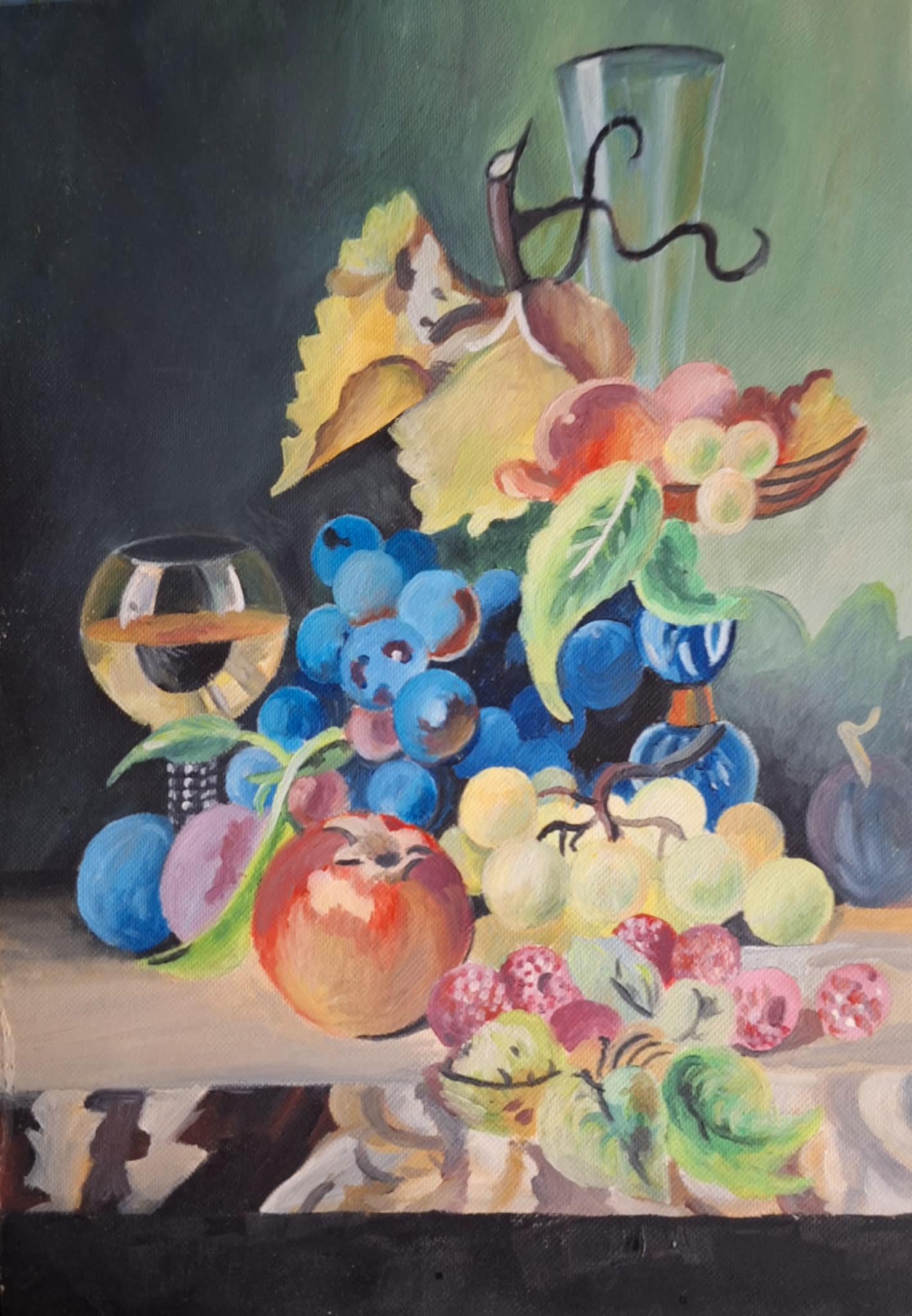 Martwa Natura: Niebieskie Winogrona - Image 2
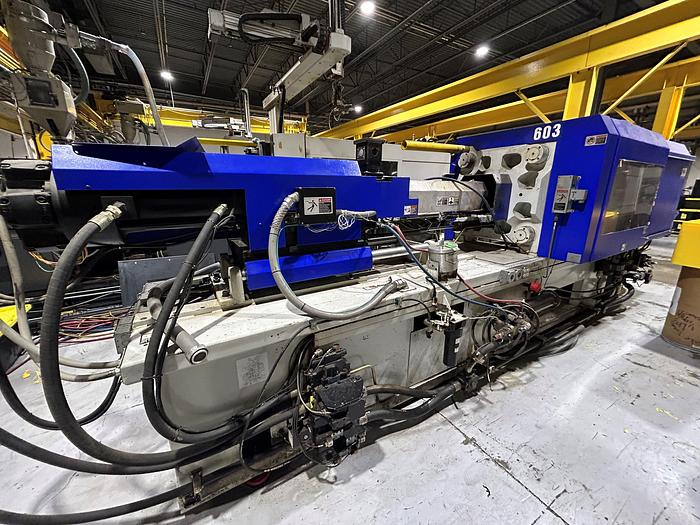 Used 300 Ton, 25.4 oz., Van Dorn Demag, Injection Molding Machine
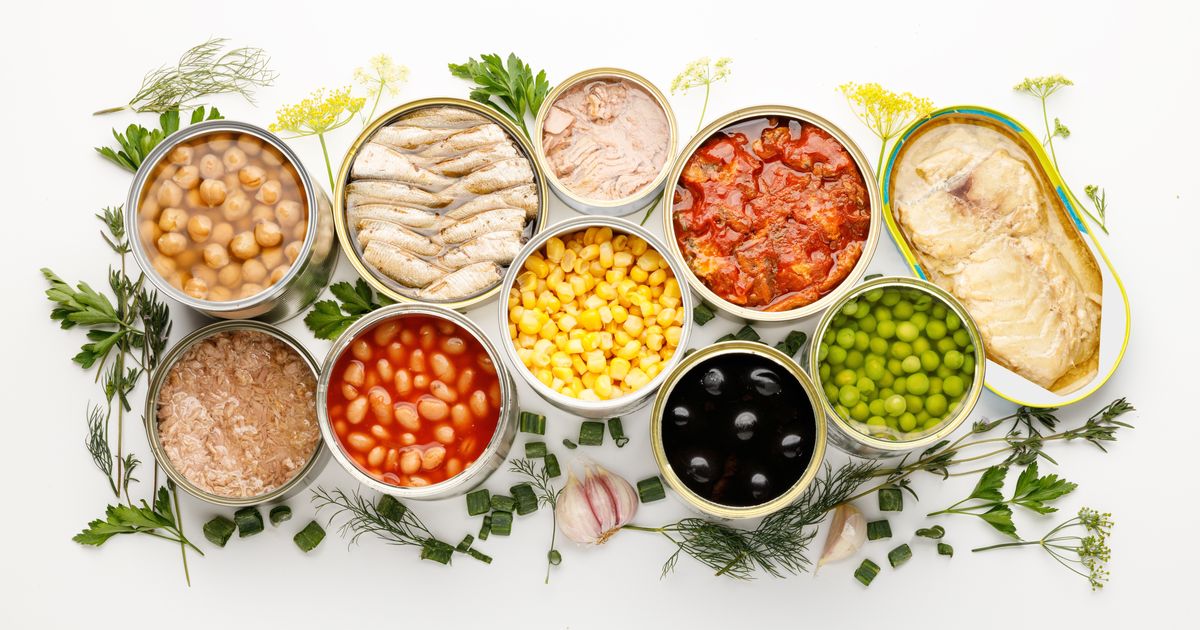 Ces aliments en conserve sont les meilleurs à manger dans le cadre du régime méditerranéen selon cette diététicienne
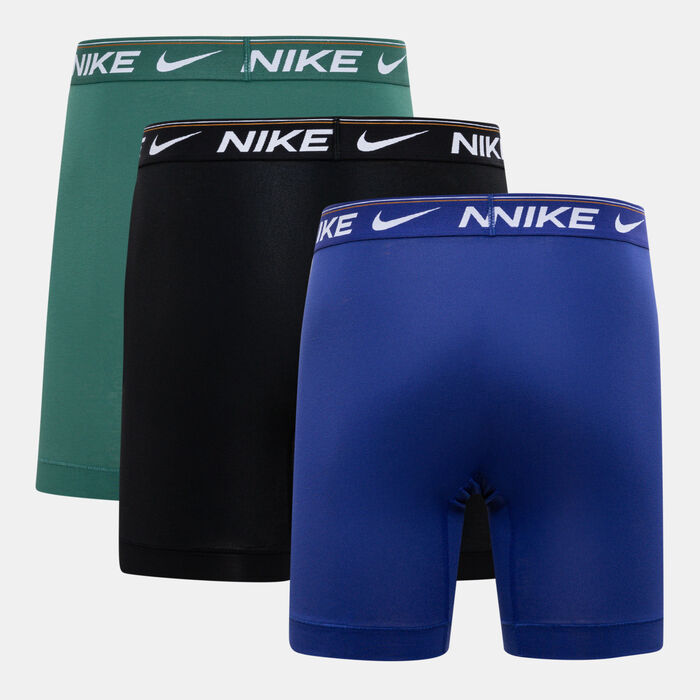 Nike Men's Dri-FIT Ultra Comfort Boxer Briefs (3 Pack) Multi image number 1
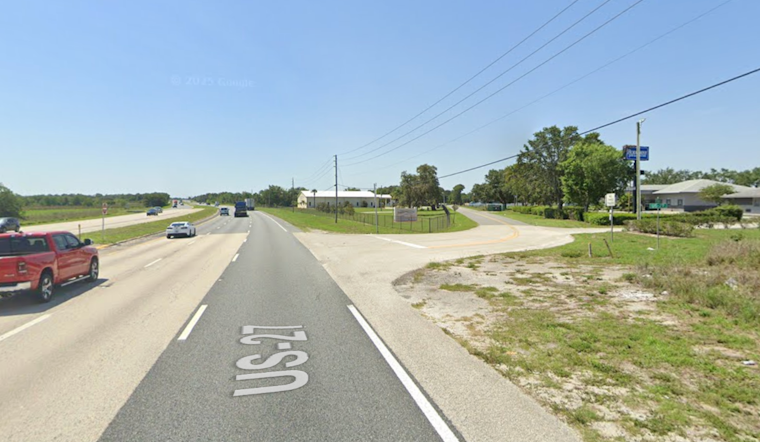 Late‑Night US 27 Crash Kills Bowling Green Woman, Slams Into Haines City Church
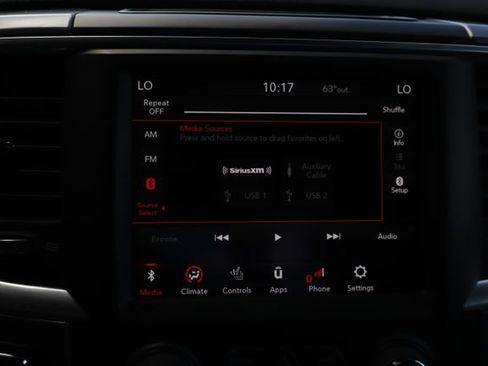 Used 2021 RAM 1500 Warlock w/ Luxury Group AWD/4WD image 24
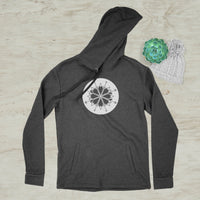 Snowflake Ski Mountain Pullover Hoodie Sweatshirt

------------------------

**The problem**
Should a record include a picture, omit it from your copy and return the rest unchanged.

**Exercise result**
 Martwa Natura: Niebieskie Winogrona - Image 2
 Used 300 Ton, 25.4 oz., Van Dorn Demag, Injection Molding Machine
 Ces aliments en conserve sont les meilleurs à manger dans le cadre du régime méditerranéen selon cette diététicienne
 Nike Men's Dri-FIT Ultra Comfort Boxer Briefs (3 Pack) Multi image number 1
 Late‑Night US 27 Crash Kills Bowling Green Woman, Slams Into Haines City Church
 Used 2021 RAM 1500 Warlock w/ Luxury Group AWD/4WD image 24
 Snowflake Ski Mountain Pullover Hoodie Sweatshirt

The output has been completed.